Nothing but an exact copy is asked for: the lines in the material below from the one with "Poster a colorful" through the one with "Shop Festive Family", pictures excluded.

Records to process:
####################

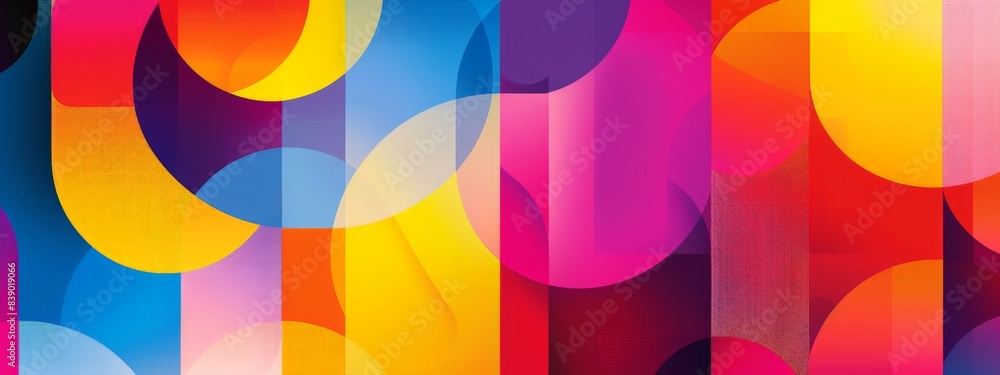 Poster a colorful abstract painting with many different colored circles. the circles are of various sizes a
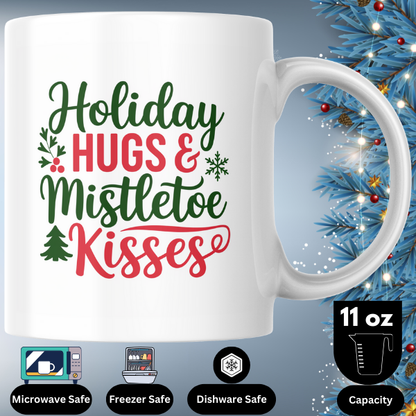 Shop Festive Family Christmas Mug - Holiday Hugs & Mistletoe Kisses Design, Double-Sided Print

####################

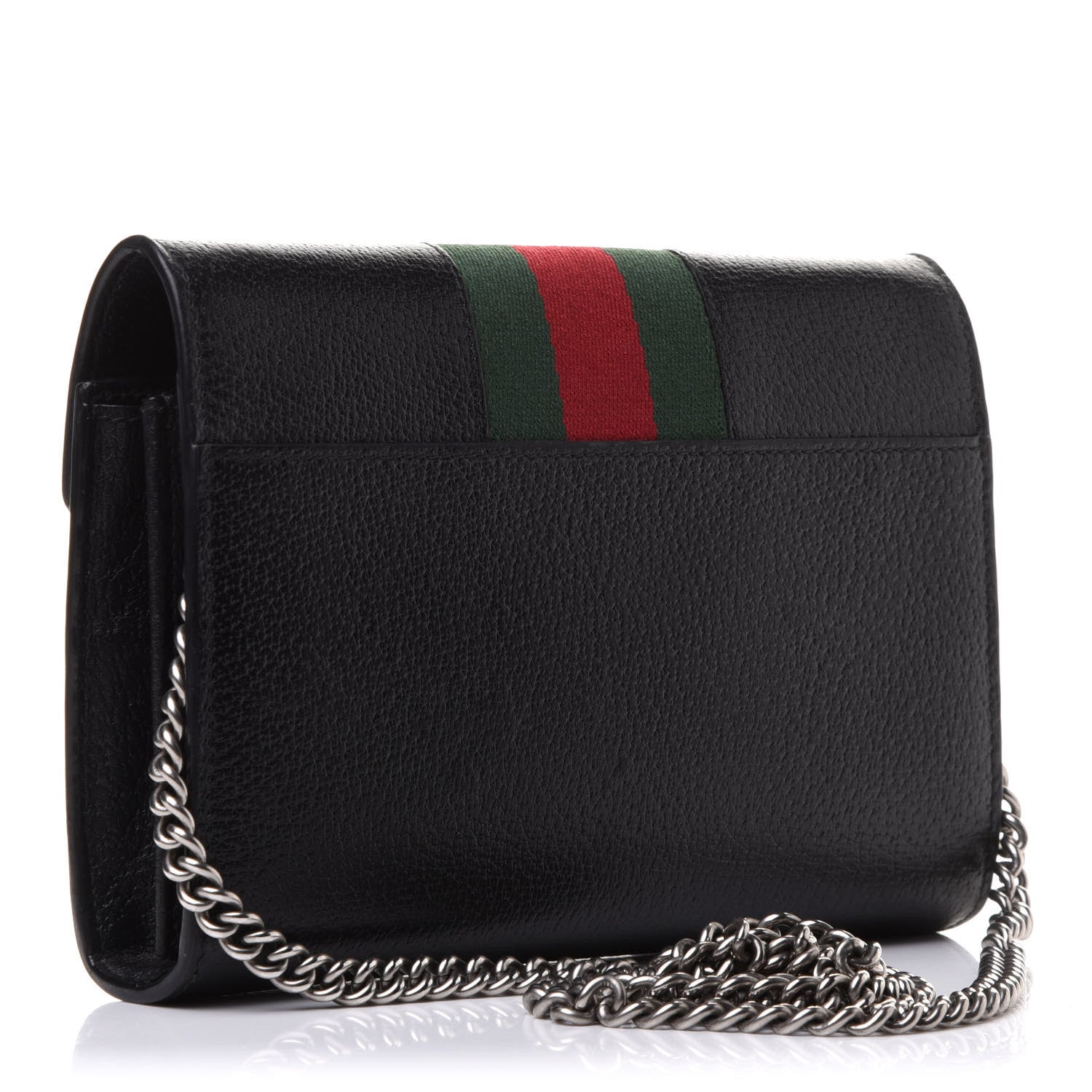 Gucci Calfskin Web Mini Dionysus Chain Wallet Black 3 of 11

####################

Written solution:
 Poster a colorful abstract painting with many different colored circles. the circles are of various sizes a
 Shop Festive Family Christmas Mug - Holiday Hugs & Mistletoe Kisses Design, Double-Sided Print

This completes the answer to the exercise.